Declaring multiple arrays with 64 elements 1000 times faster than declaring array of 65 elements

Question

Recently I noticed declaring an array containing 64 elements is a lot faster (>1000 fold) than declaring the same type of array with 65 elements.

Here is the code I used to test this:

public class Tests{
    public static void main(String args[]){
        double start = System.nanoTime();
        int job = 100000000;//100 million
        for(int i = 0; i < job; i++){
            double[] test = new double[64];
        }
        double end = System.nanoTime();
        System.out.println("Total runtime = " + (end-start)/1000000 + " ms");
    }
}

This runs in approximately 6 ms, if I replace new double[64] with new double[65] it takes approximately 7 seconds.
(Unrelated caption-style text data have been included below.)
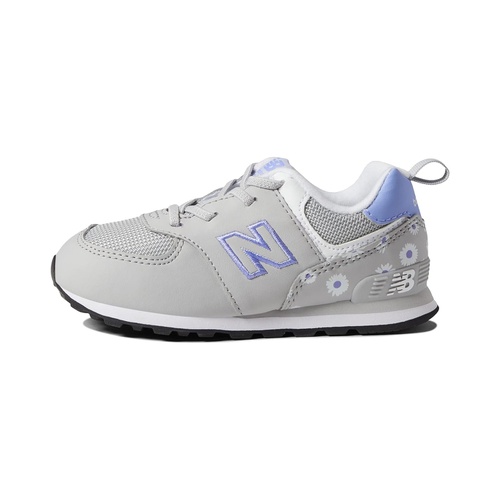 뉴발란스 New Balance Kids 574 Bungee Lace (Infantu002FToddler)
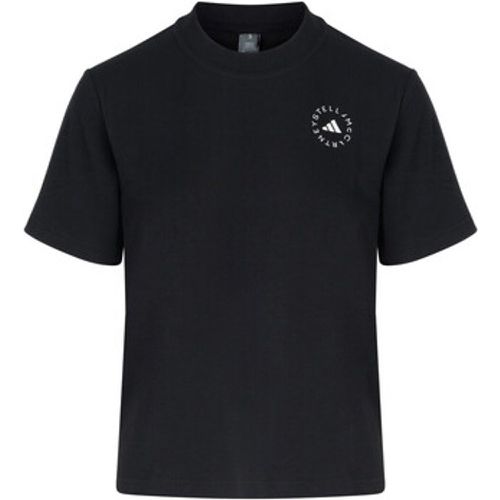 T-Shirts & Poloshirts T-shirt Truecasuals schwarz - Adidas - Modalova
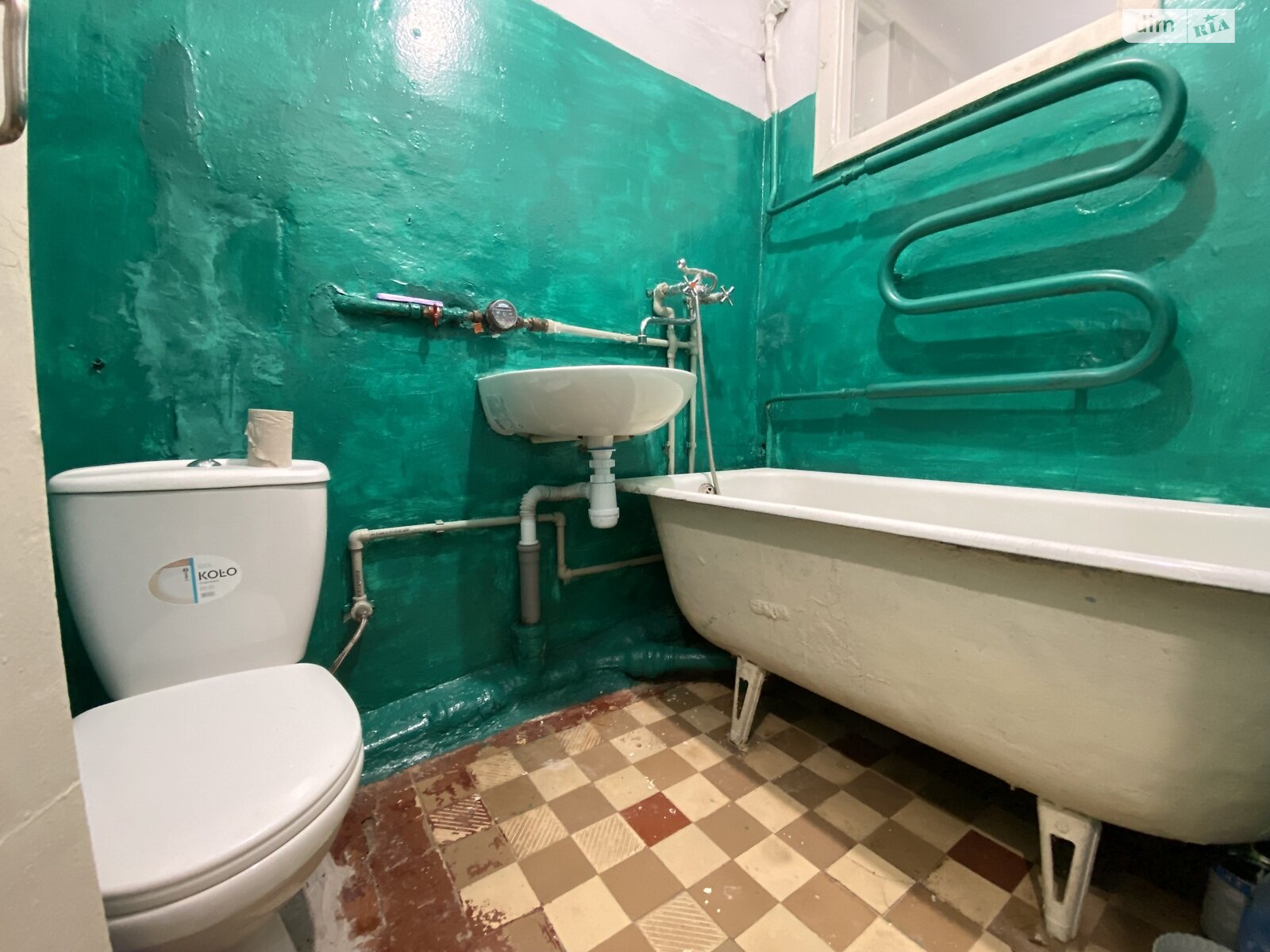 однокімнатна квартира в Вінниці, район Центр, на вул. Пирогова в довготривалу оренду помісячно фото 1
This problem becomes exponentially more severe if the job is spread across more and more threads, which is where my problem originates from.

This problem also occurs with different types of arrays such as int[65] or String[65]. This problem does not occur with large strings: String test = "many characters";, but does start occurring when this is changed into String test = i + "";

I was wondering why this is the case and if it is possible to circumvent this problem.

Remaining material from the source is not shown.